Les montagnes russes dans lesquelles les investisseurs sont ballotés ne sont pas près de s’arrêter. Si le point d’inflexion de l’inflation mène les marchés, «a-t-on vraiment vu le pic?», s’interroge Sonja Laud, CIO chez LGIM. Ce débat, qui avait émergé à la fin de la pandémie lorsque la majorité des experts anticipaient un renchérissement temporaire en raison des perturbations sur les chaines logistiques mondiales, n’est pas encore tranché. Entretien.

Si l’inflation venait à s’aggraver davantage, quelles en seraient les conséquences?

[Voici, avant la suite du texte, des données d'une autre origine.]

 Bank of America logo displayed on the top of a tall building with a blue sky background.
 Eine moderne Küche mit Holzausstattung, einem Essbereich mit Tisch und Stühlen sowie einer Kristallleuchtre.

Nous avons observé de nouvelles tensions à la hausse aux États-Unis. Cependant, si l’inflation se diffuse significativement, nous verrions des pressions sur la Banque centrale européenne et sur la Banque d’Angleterre afin d’ajuster leur programme. Mais la situation n’est pas claire. Car, compte tenu de la vitesse d’adaptation des politiques et du manque de connaissances que nous avons sur les resserrements monétaires, devons-nous escompter un atterrissage en douceur de l’économie ou une récession? Les marchés prendront comme indices les attentes de revenus et les perspectives des entreprises pour jauger de l’efficacité des programmes monétaires.

Pensez-vous que les banques centrales sont en retard?

Le revirement manifeste de la politique de la Fed durant ces derniers six mois, où nous sommes passés d’une attente de relèvement de 80 points de base en 2 ou 3 étapes à une cible de 3%, prouve qu’elle était bien en retard. La BCE qui a tardé à réagir, considère une première hausse d’un demi-point! Les banques centrales des marchés développés autres que les États-Unis ont rattrapé leur retard dans leurs messages hawkish ; même au Japon, où le contrôle de la courbe des taux semble menacé.

Généralement, la fin du cycle est un moment propice pour les actifs risqués qui demeurent insensibles à la première hausse de taux.
Quels sont les risques principaux pour le deuxième semestre?

Nous distinguons les États-Unis de l’Europe dépendante des facteurs géopolitiques, car les pressions inflationnistes y sont plus vives en raison de la crise du pétrole et du gaz qui impacte de plein fouet le consommateur européen. La facture énergétique aura un impact direct sur le PIB du Vieux-Continent qui pourrait éventuellement tomber en récession.

Les États-Unis échapperont-ils à une récession?

Leur statut d’exportateur énergétique limite les répercussions de la flambée des matières fossiles sur les ménages, cependant un atterrissage en douceur semble improbable.

Généralement, la fin du cycle est un moment propice pour les actifs risqués qui demeurent insensibles à la première hausse de taux. En revanche, lorsque nous atteignons la phase où les relèvements de taux font effet sur l’économie, les actions chutent. Mais nous ne pouvons pas anticiper l’impact du resserrement des conditions monétaires, car nous n’en avons jamais vu d’aussi expéditif. C’est un test. Et j’attends de voir comment les marchés interprèteront les données des entreprises au second semestre.

Quelles sont les implications du test de la Fed sur les investissements?

L’inflation a atteint des niveaux que nous n’avons plus revus depuis les années 1980. Nous devons donc appréhender son implication dans les investissements avec humilité. Les investisseurs étaient jusqu’alors habitués à des retours positifs sur les obligations et les actions. Entre 2010 et 2020, la corrélation était établie à -0.5. Depuis le début de 2021, elle se situe autour de 0 et devient même positive, ce qui rappelle davantage les environnements de forte inflation observés dans les années 1950, 1970 et 1990. Depuis le début de l’année, les performances des deux principales classes d’actifs sont dans le rouge. Nous préférons cependant prendre les risques sur les actions que le crédit.